It’s an interesting paradox of the creative process, as choreographer Twyla Tharp observes, that you need to exercise rigorous control over a project, “but good planning alone won’t make your efforts successful; it’s only after you let go of your plans that you can breathe life into your efforts.” Unlike my previous work, this is not an investigation that I carefully thought through and planned before starting the research. The topic came to me head on and demanded my attention. And once I agreed to go off into uncharted territory, I stumbled into fissures that run deep beneath the ground.
Humboldt County is typically described in tourist guides as an “outdoor paradise” and “eco-tourist’s heaven,” with “legendary giant redwoods,” “stunning beaches,” “rugged cliffs,” and “picturesque coastal villages.” It’s a place “where you can connect with Nature.” I am very familiar with this narrative. It’s what draws me to Big Lagoon. But beneath this imagery of a pristine landscape is a messy social history of people divided by warfare, antagonisms, and disillusionments. From the perspective of the Yurok and other native peoples in the region, “much of the land has been wounded, broken or lost.” For some historians, northern California in the mid-nineteenth century was one of the bloodiest places in the country, deserving of a language that we usually associate with other countries and other times: pogroms, ethnic cleansing, apartheid, even genocide. What happened in California did not presage Nazi Germany or mimic Boer-ruled South Africa, but there are resemblances and affinities that demand serious consideration.

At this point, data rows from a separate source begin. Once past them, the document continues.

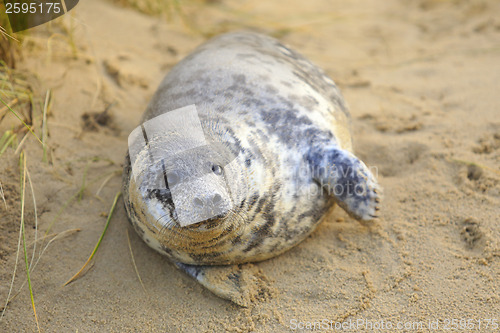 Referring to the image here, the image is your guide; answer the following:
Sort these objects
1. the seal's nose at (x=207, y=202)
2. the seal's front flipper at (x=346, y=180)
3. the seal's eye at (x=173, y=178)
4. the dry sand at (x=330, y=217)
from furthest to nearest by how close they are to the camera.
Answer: the seal's front flipper at (x=346, y=180), the dry sand at (x=330, y=217), the seal's eye at (x=173, y=178), the seal's nose at (x=207, y=202)

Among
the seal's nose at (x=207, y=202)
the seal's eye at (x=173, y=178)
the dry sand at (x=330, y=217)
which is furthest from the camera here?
the dry sand at (x=330, y=217)

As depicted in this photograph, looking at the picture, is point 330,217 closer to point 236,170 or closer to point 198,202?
point 236,170

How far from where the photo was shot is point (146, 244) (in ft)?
9.30

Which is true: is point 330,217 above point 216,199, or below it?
below

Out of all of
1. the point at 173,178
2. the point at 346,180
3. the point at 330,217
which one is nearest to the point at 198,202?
the point at 173,178

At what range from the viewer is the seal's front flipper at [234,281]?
101 inches

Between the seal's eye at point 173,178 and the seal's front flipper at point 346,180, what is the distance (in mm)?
951

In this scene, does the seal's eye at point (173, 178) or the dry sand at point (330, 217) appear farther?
the dry sand at point (330, 217)

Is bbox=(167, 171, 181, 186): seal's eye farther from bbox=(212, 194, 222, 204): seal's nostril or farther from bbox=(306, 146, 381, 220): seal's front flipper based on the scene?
bbox=(306, 146, 381, 220): seal's front flipper

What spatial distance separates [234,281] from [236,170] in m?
0.67

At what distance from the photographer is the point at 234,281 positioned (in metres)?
2.62

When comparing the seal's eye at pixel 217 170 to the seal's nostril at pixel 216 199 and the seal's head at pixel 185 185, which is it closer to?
the seal's head at pixel 185 185

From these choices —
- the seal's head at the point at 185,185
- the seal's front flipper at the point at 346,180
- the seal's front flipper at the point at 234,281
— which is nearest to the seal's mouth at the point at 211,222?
the seal's head at the point at 185,185

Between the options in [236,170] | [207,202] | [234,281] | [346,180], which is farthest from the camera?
[346,180] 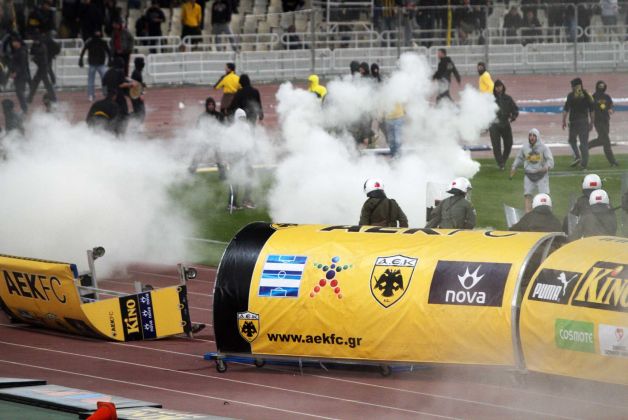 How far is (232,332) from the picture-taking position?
16.7m

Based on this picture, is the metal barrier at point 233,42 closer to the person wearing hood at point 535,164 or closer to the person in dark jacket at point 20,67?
the person in dark jacket at point 20,67

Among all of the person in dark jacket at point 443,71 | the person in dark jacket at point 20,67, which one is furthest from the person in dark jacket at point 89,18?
the person in dark jacket at point 443,71

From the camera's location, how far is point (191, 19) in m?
42.3

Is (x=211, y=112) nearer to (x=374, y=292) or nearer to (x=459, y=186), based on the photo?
(x=459, y=186)

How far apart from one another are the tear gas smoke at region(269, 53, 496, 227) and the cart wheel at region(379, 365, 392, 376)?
6.91 meters

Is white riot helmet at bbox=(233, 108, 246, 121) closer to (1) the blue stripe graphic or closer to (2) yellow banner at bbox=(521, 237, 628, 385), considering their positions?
(1) the blue stripe graphic

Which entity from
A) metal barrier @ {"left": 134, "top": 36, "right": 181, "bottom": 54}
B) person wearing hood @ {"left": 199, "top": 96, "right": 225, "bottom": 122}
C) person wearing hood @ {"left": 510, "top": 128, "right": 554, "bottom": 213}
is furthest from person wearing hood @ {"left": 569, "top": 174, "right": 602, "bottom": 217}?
metal barrier @ {"left": 134, "top": 36, "right": 181, "bottom": 54}

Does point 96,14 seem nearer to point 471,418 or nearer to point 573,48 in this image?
point 573,48

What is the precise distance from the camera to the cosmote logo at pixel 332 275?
16297mm

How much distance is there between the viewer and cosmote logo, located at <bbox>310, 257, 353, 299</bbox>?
16297 mm

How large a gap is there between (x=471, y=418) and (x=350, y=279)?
232 centimetres

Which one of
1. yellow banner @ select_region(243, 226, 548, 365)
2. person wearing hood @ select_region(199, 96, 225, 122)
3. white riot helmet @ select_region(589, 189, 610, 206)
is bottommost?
yellow banner @ select_region(243, 226, 548, 365)

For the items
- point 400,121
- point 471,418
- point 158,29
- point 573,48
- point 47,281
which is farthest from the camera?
point 158,29

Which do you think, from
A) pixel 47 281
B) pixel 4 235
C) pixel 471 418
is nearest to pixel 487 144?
pixel 4 235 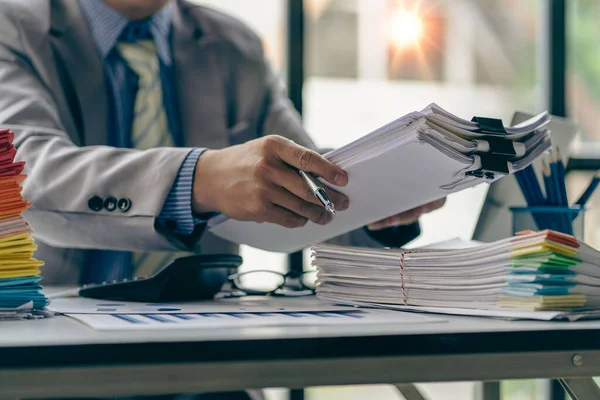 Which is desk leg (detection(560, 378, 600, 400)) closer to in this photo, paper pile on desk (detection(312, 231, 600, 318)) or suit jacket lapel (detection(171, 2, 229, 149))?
paper pile on desk (detection(312, 231, 600, 318))

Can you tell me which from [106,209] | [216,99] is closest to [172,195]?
[106,209]

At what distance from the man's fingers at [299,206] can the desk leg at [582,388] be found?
0.38m

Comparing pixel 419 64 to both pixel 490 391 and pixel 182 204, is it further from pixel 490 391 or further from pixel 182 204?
pixel 182 204

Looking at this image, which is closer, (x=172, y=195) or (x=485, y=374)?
(x=485, y=374)

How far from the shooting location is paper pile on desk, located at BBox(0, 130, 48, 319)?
73 centimetres

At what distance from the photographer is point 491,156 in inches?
31.4

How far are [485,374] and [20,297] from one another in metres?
0.46

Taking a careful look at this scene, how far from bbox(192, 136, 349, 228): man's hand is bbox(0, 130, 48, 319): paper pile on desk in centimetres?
27

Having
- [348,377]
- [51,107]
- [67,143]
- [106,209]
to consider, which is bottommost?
[348,377]

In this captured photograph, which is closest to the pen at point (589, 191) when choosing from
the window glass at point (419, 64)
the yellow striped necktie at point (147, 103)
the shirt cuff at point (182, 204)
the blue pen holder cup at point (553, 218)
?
the blue pen holder cup at point (553, 218)

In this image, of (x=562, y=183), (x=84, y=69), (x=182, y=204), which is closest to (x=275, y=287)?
(x=182, y=204)

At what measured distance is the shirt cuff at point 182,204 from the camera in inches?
39.0

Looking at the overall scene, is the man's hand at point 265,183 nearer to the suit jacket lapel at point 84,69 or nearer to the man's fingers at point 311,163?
the man's fingers at point 311,163

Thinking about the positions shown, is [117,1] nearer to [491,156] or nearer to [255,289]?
[255,289]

Thanks to the post-1960s generation of historians, we’ve made considerable progress in complicating the rosy-hued story of northern California as a place celebrated primarily for economic daring and individual initiative, peopled by “men with empires in their purposes/And new eras in their brains,” as Sam Foss put it in 1894. Now we know much more about the brutal underside of the Golden State, and about the micro-histories of people who were typically omitted from the master narrative of evolutionary progress – native communities, Chinese immigrants, women pioneers, Latino miners, and white workers who didn’t strike it rich.

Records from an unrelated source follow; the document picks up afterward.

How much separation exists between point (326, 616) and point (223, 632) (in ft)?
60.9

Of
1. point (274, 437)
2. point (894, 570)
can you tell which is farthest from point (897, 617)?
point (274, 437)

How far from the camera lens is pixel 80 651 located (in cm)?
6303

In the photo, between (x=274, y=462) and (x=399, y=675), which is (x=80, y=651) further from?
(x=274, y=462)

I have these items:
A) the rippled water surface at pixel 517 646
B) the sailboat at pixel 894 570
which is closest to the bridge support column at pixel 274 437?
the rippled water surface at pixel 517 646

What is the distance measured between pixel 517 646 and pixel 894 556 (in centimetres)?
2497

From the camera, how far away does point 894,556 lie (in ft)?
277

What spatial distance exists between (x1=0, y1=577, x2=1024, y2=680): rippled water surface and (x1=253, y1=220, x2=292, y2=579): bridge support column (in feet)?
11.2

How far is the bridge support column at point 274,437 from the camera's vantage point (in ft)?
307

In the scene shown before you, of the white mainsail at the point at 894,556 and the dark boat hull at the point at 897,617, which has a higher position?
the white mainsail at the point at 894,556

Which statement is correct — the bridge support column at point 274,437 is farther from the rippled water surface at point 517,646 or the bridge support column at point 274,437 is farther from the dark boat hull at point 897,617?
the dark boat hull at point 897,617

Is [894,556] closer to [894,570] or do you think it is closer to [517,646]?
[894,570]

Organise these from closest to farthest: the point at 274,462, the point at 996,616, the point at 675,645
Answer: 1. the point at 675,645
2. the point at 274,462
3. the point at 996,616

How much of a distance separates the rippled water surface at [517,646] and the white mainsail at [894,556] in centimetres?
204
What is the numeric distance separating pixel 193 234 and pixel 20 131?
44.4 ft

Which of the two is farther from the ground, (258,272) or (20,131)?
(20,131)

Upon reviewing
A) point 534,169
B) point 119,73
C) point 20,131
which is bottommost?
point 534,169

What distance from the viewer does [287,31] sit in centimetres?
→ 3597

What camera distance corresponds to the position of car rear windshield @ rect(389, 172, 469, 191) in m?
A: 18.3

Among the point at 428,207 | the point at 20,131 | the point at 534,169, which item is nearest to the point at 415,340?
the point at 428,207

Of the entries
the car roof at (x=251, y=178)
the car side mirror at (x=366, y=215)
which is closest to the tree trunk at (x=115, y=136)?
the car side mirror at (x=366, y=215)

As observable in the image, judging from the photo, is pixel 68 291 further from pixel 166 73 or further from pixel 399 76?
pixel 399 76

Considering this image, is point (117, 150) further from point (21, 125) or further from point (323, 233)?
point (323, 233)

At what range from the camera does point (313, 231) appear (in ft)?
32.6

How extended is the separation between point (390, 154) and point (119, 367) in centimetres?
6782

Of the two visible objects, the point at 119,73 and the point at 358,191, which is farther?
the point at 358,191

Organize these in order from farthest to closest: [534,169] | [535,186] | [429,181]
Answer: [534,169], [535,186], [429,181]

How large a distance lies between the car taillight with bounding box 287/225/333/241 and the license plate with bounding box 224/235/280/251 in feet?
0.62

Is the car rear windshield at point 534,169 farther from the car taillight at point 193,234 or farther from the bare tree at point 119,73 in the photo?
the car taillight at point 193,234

And yet it’s still so easy to visit Humboldt County and be oblivious to its troubled history: there are no public memorials or monuments or preserved sites that shock us into remembrance of tragedies not-too-long past or juxtapose the grandeur of the region’s scenery with its killing fields. Nobody seems bothered that a well-visited elk refuge in Redwoods State Park is named in honor of one of the country’s most notoriously racist ideologues. We seem to have a hard-wired capacity to deny and compartmentalize painfully disturbing information. For many years, I could separate my knowledge of Big Lagoon’s troubling past from its pleasurable present. In this sense, I was no different from my parents who refused to visit Germany because of its murderous legacies, but didn’t think twice about taking the family for vacations to what had been Vichy France, happily visiting towns where Jews had been rounded up for transportation to concentration camps.

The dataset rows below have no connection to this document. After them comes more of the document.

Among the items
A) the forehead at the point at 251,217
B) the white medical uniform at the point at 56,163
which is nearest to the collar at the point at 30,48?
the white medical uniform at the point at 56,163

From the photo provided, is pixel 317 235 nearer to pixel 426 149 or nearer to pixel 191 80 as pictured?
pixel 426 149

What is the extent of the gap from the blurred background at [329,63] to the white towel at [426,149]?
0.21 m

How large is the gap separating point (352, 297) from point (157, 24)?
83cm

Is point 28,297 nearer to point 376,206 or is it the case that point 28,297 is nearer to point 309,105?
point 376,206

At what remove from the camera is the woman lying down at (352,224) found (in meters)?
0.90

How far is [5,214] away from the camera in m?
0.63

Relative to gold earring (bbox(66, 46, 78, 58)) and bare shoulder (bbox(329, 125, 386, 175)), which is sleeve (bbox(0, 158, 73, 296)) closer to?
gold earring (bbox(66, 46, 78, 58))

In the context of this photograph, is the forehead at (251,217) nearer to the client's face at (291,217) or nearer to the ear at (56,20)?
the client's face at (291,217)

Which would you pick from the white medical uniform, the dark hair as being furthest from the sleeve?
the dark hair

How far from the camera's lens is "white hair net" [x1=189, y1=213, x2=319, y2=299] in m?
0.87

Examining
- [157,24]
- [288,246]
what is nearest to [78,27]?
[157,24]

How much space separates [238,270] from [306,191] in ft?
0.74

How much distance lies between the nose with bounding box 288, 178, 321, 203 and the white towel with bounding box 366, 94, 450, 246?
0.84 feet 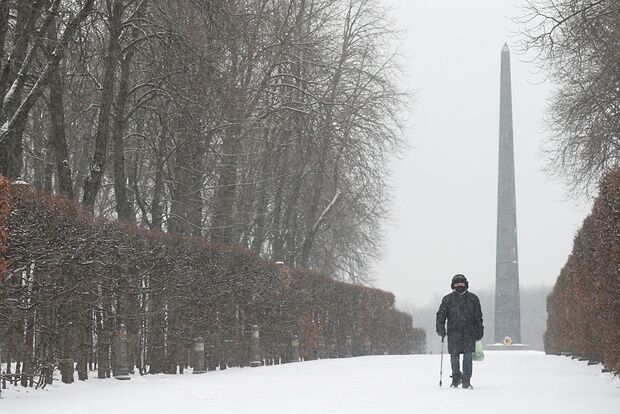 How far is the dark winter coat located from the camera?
14.9 metres

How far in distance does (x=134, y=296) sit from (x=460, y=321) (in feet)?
16.8

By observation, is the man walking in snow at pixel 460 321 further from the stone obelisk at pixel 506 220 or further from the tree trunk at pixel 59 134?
the stone obelisk at pixel 506 220

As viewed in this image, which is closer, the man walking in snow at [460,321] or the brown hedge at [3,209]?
the brown hedge at [3,209]

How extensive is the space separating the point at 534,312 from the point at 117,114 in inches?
4539

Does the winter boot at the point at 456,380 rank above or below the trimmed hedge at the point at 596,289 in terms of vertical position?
below

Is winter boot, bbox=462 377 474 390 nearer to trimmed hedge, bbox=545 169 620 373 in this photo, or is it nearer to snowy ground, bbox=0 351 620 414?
snowy ground, bbox=0 351 620 414

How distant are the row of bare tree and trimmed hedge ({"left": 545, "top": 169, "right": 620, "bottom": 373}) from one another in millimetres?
6725

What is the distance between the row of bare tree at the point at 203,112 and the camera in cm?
1827

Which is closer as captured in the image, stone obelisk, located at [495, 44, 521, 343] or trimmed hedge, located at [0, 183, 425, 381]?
trimmed hedge, located at [0, 183, 425, 381]

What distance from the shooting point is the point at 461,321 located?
15109 millimetres

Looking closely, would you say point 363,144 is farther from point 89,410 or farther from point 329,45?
point 89,410

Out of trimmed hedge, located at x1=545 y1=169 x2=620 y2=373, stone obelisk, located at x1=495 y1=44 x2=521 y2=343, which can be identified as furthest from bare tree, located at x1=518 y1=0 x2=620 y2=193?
stone obelisk, located at x1=495 y1=44 x2=521 y2=343

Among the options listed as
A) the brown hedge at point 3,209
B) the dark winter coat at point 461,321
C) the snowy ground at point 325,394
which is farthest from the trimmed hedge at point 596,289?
the brown hedge at point 3,209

Death changes the meaning of a place. Until a few years ago, I’d never associated Big Lagoon with the end of life. But since the summer of 2006, when we followed our son’s wishes and launched his remains into the lagoon, it’s been impossible for me to separate the living from the dead. And about a year later, answering the Yurok Tribal Council’s call to protect the cultural legacies of their ancestors who had been uprooted from Big Lagoon, I decided to learn more about this “place of ceremonial renown.” As a historian interested in public history and memory, how could I ignore this past literally buried in my own backyard?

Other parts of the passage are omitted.